我不太相信她教的办法,我却信任她本人,所以为消除我对鬼怪的恐惧,从小时候开始我就不断诵念“罗摩那摩”。
当然,这仅仅是瞬间的事情,但是幼年时期心灵上播下的良种,没有白费。
我想正因为善良的兰芭撒下的种子,“罗摩那摩”至今对我而言,是一剂驱除心魔的良药。
也就是这个时候,我有个堂哥,他笃信《罗摩衍那》,他要我和二哥学习《罗摩护》[Ram Raksha是从《罗摩衍那》史诗中繁衍出来的经文,恳求罗摩的庇佑]。
我们背熟后,还在每天早浴以后进行朗诵。
住在波尔班达那段时间里,我们从未间断过这种做法。
但是搬到拉奇科特后,我全然将其忘记。
因为我不相信它会有魔力。
那时之所以诵读,部分原因是向他人夸耀自己诵读《罗摩护》能用正确的发音而已。
然而,有人为我父亲诵读《罗摩衍那》的情形让我印象深刻。
我父亲生病时,有段时间住在波尔班达。
在那里,我们每晚都请人给他诵读《罗摩衍那》。
那位朗诵者是比列斯瓦尔的罗塔·摩诃罗治,他崇奉罗摩。
据说他通过人们在比列斯瓦尔神庙里供过大天帝的比尔花叶[比尔花叶(bilva),一种热带树,印度人用这种树叶盛祭品,奉为圣树]敷在患处,并经常反复诵念“罗摩那摩”,从而治好了他得的麻风病,而不是用药物治疗。
更有的说是信仰使他痊愈了。
我不知道这种传说是否可靠。
但不管怎样,我们相信那是真的。
事实上,当罗塔·摩诃罗治开始诵读《罗摩衍那》诗文的时候,他的身心仿佛摆脱了麻风病的折磨。

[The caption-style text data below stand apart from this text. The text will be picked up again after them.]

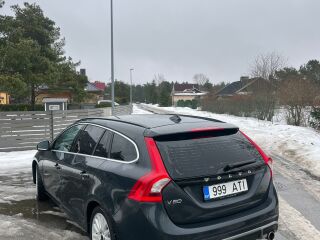 Volvo V60 R Design 2.4 158kW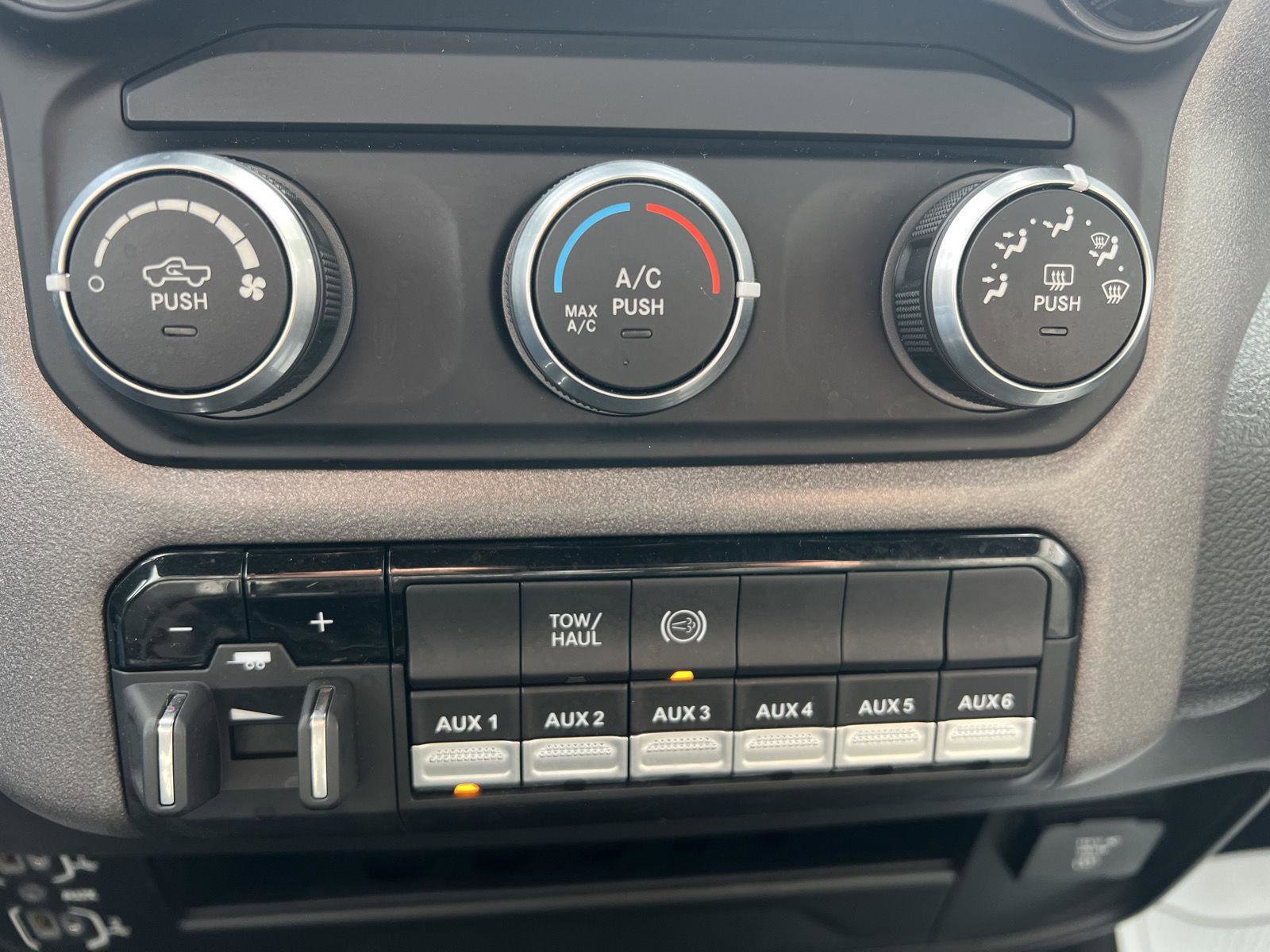 Used 2022 RAM 5500 Tradesman image 17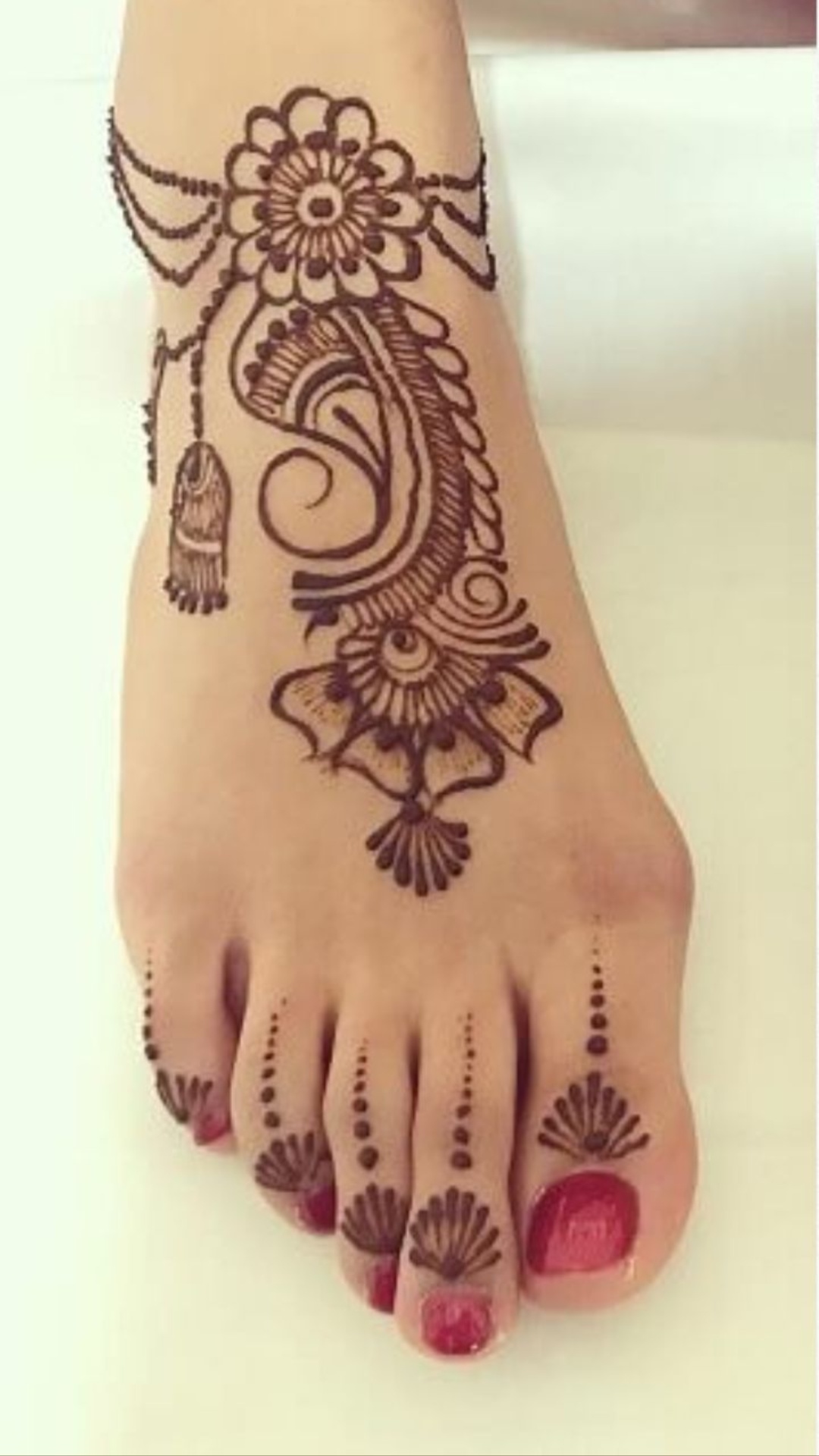 पैरों के लिए बेहद खास हैं मेहंदी के ये डिजाइंस, आप भी करें ट्राई: Foot Mehndi  Design - Grehlakshmi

当他唱起二行和四行诗的音韵,并阐释诗意时,他自己沉浸在诗文的神韵中,而听众也被感染,进入神圣境界。
那时我大概仅仅13岁,可我清晰地记得,他的朗诵曾使我心旷神怡。
这一切使我深深地爱上了《罗摩衍那》。
时至今日,我依然认为杜拉希达斯[杜拉希达斯(1532—1623)是16世纪末17世纪初印度著名诗人和精神导师。
其著作《罗摩生活之地》家喻户晓。
这里的《罗摩衍那》即是这部著作]的《罗摩衍那》是所有神性文学里最伟大的作品之一。
不到几个月,我们回到了拉奇科特,再没有人为我们诵读《罗摩衍那》了。
但是每到“叶迦达希”日[叶迦达希(Ekadashi)意即一个月中的“第十一日”,为印度教徒的绝食日。

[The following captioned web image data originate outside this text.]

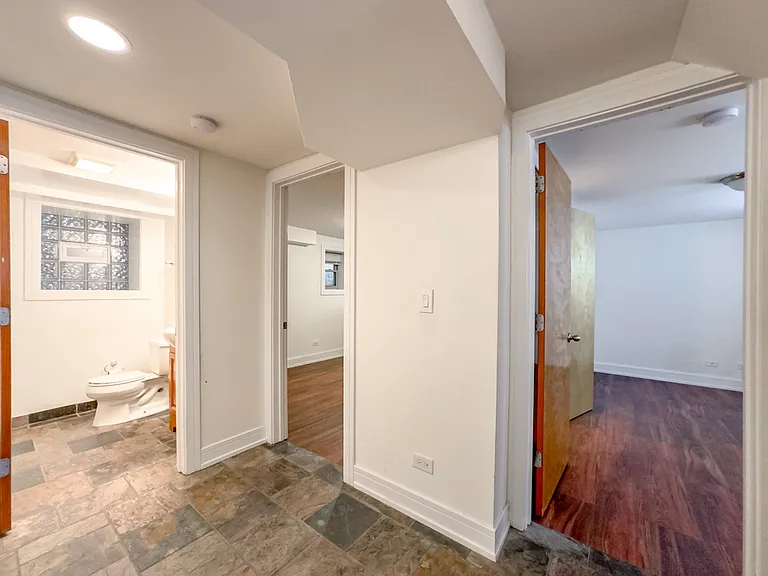 2835 N Damen Ave #R2 — Photo 14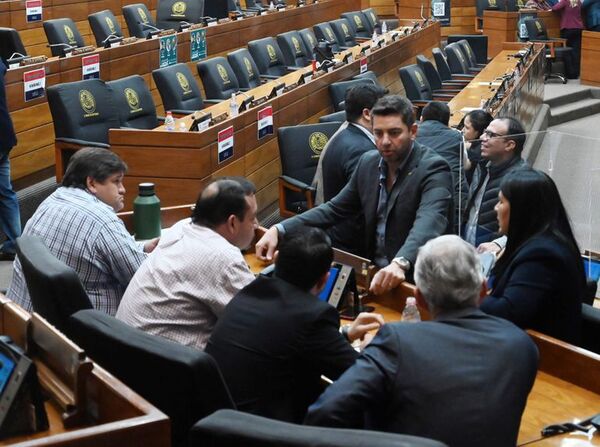 Cartistas y aliados frenan el juicio político a Miguel Godoy - Política - ABC Color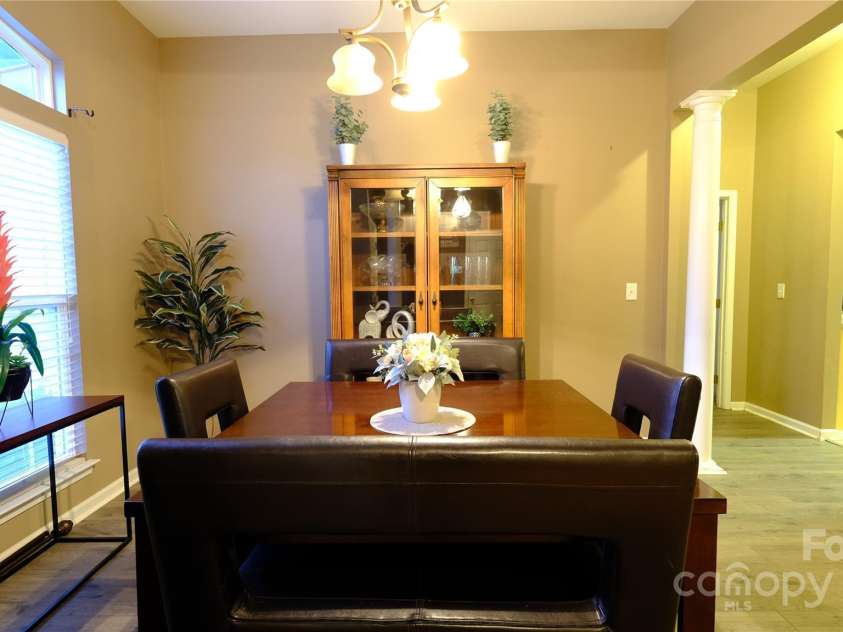 5834 Coopers Ridge Lane, Charlotte, NC 28269.  MLS# CAR4231765, YatesRealty ID 17833. 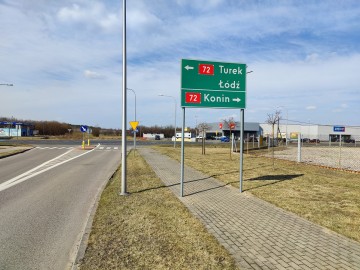 Atrakcyjny teren inwestycyjny w kompleksie zab. komercyjnej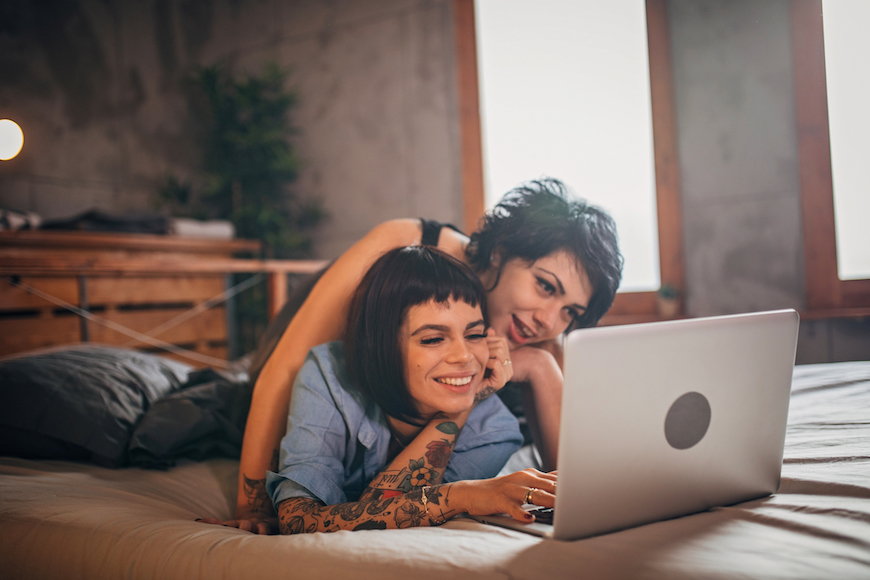 3 Ways To Approximate a Threesome in Your Relationship Wh... | theSkimm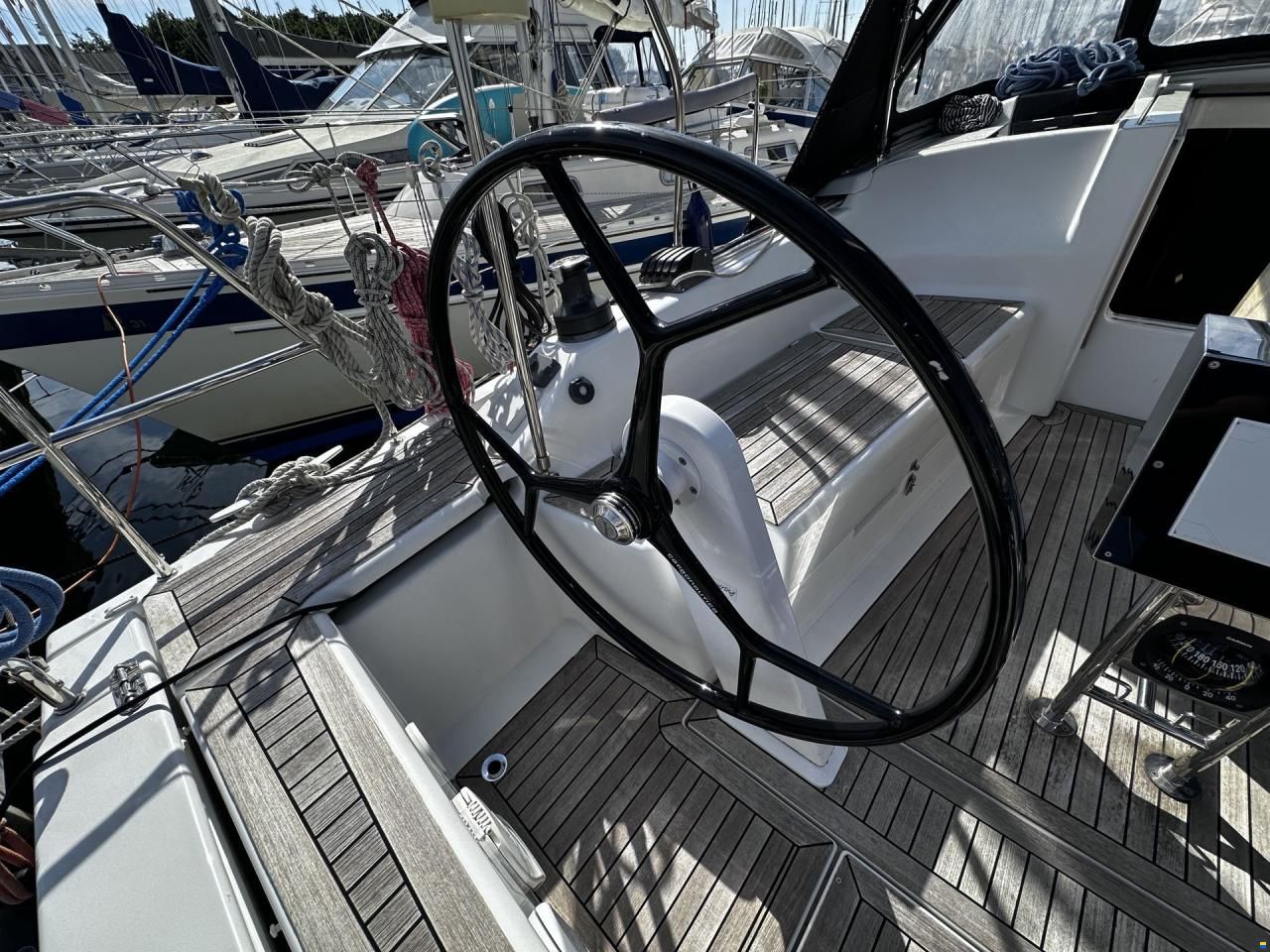 Hanse 345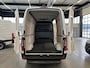 Mercedes-Benz Sprinter 317 CDI L2 H2 Pro / LED / MBUX / Navigatie / Camera / Parkeersensoren / Cruise control / Airco / 270 Graden achterdeuren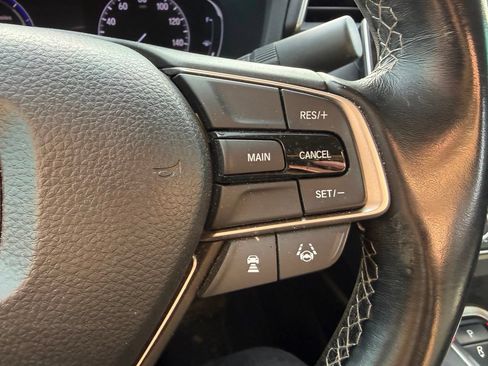 Used 2021 Honda Insight Touring image 13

据印度教神话:有一个极为俭朴的人请求湿婆天神赐予不死,湿婆允之,但有一个条件,即他可以不死于凡人之手,但必死于一个无母之女。
此人得此恩赐后即胆大无边,大闹天宫,梵天、毗湿奴和湿婆三神不得不携眷逃避于一树洞之内,因过于拥挤,遂由他们的气体凝成一女,即无母之女,遂除此害。
这个神女名叫叶迦达希,后人为纪念其恩典,每至月之十一日即行绝食,以示感戴]这一天,总要朗诵《薄伽梵歌》[《薄伽梵歌》(Bhagavadgita)大约出现于公元三世纪之间,作者不详,它是印度伟大史诗《摩诃婆罗多》(Mahabharata)中一段有音律的对话,是黑天神对有修(Arjuna)所说的哲学义理]。
我偶尔也会去听,然而朗诵者使人提不起兴趣。